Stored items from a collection

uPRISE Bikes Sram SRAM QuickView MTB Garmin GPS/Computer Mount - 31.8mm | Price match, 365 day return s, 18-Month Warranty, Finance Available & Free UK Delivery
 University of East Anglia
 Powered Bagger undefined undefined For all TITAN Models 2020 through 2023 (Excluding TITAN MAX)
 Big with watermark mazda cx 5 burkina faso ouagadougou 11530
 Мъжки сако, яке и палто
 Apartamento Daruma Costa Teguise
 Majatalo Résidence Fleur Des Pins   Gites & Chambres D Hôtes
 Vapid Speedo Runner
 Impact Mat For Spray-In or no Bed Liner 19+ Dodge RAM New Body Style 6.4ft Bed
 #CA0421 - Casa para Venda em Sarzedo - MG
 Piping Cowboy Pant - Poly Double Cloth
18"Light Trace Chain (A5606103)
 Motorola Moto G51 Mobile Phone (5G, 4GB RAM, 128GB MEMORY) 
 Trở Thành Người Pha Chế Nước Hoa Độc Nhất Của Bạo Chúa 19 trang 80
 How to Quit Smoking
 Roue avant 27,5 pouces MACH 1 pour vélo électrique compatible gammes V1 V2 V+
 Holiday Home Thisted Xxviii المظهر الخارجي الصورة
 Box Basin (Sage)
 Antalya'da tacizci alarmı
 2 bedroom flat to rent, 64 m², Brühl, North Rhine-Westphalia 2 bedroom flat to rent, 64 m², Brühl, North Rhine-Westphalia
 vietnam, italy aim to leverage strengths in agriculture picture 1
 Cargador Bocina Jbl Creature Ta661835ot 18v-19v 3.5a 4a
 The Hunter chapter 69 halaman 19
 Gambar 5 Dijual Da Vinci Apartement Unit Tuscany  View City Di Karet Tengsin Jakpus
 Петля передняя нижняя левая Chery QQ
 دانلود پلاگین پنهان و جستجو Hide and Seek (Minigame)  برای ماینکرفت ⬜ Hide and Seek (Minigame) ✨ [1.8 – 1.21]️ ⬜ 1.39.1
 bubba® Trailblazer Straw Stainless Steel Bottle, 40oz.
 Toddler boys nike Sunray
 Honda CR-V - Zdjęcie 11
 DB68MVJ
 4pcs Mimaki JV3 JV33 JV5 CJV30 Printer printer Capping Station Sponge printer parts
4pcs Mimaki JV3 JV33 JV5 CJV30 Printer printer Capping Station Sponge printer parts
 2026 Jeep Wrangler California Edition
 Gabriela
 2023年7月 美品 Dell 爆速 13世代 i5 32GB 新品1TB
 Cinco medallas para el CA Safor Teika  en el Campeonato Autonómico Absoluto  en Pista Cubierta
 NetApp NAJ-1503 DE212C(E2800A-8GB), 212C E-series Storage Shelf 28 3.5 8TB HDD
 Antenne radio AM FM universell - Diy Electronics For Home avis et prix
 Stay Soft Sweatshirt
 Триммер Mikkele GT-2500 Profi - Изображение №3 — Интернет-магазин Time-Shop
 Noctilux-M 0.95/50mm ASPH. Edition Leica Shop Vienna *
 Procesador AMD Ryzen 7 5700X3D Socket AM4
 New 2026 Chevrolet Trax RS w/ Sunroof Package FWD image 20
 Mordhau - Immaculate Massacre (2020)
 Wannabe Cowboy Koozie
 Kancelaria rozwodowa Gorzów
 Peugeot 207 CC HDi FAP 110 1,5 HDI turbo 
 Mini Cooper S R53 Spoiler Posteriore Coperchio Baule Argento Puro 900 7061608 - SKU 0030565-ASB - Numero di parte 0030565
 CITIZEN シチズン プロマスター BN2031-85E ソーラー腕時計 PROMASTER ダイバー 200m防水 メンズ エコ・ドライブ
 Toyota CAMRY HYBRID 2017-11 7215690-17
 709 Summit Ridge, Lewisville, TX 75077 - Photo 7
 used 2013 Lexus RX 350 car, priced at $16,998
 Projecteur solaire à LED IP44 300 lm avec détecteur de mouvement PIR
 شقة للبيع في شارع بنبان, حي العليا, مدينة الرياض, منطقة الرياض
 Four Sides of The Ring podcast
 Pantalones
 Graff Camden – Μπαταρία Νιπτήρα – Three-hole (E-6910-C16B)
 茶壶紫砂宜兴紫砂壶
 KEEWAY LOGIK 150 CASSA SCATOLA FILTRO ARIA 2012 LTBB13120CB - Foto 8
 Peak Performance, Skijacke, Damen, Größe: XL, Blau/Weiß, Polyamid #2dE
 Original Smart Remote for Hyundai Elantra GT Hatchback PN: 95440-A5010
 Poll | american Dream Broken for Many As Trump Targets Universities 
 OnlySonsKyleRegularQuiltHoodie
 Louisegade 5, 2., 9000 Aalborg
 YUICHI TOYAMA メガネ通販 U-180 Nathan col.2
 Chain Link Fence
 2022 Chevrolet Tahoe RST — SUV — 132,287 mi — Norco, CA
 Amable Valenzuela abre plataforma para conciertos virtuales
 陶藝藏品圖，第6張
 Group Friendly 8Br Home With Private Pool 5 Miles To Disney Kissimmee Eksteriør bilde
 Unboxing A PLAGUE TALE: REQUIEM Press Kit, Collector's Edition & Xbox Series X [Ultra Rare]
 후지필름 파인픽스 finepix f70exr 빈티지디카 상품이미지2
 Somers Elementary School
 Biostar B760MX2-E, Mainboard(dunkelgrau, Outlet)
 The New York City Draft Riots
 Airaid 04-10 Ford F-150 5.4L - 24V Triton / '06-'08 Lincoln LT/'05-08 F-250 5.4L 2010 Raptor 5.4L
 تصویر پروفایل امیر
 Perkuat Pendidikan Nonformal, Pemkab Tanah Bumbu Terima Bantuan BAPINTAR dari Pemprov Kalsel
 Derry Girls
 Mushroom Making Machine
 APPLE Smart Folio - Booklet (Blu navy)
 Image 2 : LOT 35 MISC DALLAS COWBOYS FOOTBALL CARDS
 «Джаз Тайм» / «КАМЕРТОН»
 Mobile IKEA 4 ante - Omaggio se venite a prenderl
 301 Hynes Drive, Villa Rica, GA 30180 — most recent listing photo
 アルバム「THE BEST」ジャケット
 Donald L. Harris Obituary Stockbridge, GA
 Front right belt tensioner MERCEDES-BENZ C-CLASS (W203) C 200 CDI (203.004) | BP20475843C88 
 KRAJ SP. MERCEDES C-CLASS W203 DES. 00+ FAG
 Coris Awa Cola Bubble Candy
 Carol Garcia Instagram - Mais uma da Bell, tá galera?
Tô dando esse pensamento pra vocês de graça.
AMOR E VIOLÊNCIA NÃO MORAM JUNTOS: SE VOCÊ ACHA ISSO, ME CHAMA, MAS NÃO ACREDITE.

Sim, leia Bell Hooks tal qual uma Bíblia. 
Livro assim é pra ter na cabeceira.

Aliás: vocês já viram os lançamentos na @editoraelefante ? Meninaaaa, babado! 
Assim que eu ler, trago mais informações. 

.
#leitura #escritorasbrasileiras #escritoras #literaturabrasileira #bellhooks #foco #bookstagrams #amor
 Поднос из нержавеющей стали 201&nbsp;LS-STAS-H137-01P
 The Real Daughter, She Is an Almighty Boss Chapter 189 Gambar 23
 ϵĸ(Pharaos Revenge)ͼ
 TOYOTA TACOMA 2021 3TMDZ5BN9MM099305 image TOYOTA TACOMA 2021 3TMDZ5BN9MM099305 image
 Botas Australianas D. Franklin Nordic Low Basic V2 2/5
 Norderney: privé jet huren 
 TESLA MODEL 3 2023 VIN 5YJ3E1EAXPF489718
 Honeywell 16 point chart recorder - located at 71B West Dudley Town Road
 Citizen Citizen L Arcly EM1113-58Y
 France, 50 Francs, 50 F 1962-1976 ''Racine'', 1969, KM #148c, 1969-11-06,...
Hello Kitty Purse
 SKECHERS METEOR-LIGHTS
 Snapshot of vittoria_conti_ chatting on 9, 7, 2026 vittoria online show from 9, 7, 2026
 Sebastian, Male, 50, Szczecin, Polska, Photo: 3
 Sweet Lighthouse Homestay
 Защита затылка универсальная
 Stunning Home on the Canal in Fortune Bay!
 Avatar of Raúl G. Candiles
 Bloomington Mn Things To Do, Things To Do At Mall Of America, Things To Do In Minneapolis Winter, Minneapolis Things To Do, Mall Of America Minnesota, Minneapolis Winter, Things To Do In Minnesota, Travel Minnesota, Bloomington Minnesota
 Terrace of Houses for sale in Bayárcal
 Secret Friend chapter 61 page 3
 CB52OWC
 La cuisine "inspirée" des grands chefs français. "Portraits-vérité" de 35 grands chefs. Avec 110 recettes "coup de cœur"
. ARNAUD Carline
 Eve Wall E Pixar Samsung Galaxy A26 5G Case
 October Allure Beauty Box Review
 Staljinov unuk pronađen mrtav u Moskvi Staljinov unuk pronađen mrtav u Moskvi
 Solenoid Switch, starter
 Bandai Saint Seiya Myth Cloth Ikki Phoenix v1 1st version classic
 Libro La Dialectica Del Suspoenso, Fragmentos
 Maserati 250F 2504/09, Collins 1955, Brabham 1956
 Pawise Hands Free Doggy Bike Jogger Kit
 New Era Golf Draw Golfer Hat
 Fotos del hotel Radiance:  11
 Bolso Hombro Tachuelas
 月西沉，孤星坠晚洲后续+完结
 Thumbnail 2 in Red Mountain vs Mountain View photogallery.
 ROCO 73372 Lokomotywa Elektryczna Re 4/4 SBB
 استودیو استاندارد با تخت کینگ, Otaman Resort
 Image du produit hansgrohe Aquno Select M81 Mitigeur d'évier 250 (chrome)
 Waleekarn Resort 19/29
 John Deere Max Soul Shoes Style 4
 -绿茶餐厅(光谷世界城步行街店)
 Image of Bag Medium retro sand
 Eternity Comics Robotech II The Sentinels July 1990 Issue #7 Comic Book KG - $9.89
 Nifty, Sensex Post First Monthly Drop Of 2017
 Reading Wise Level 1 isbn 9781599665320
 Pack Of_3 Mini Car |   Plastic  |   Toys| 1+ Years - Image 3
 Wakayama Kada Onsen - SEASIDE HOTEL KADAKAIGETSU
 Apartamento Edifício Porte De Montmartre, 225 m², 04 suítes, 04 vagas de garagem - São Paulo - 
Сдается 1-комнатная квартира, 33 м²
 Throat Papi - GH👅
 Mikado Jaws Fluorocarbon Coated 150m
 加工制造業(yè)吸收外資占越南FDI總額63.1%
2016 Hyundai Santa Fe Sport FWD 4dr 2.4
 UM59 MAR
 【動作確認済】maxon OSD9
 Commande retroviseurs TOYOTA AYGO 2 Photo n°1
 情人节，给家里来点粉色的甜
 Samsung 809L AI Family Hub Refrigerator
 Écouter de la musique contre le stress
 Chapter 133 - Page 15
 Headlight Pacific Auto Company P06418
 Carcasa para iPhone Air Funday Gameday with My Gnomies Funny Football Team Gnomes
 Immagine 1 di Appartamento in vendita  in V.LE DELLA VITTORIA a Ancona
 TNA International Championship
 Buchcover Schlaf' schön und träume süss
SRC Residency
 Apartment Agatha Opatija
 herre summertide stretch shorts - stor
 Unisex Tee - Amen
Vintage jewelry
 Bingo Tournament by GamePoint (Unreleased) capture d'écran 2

- [Work instruction]:
Starting at the line that has "Chain Link Fence" and ending at the line that has "The New York City Draft Riots", please write out the lines above exactly, leaving out all others.

- [Answer space]:
 Chain Link Fence
 2022 Chevrolet Tahoe RST — SUV — 132,287 mi — Norco, CA
 Amable Valenzuela abre plataforma para conciertos virtuales
 陶藝藏品圖，第6張
 Group Friendly 8Br Home With Private Pool 5 Miles To Disney Kissimmee Eksteriør bilde
 Unboxing A PLAGUE TALE: REQUIEM Press Kit, Collector's Edition & Xbox Series X [Ultra Rare]
 후지필름 파인픽스 finepix f70exr 빈티지디카 상품이미지2
 Somers Elementary School
 Biostar B760MX2-E, Mainboard(dunkelgrau, Outlet)
 The New York City Draft Riots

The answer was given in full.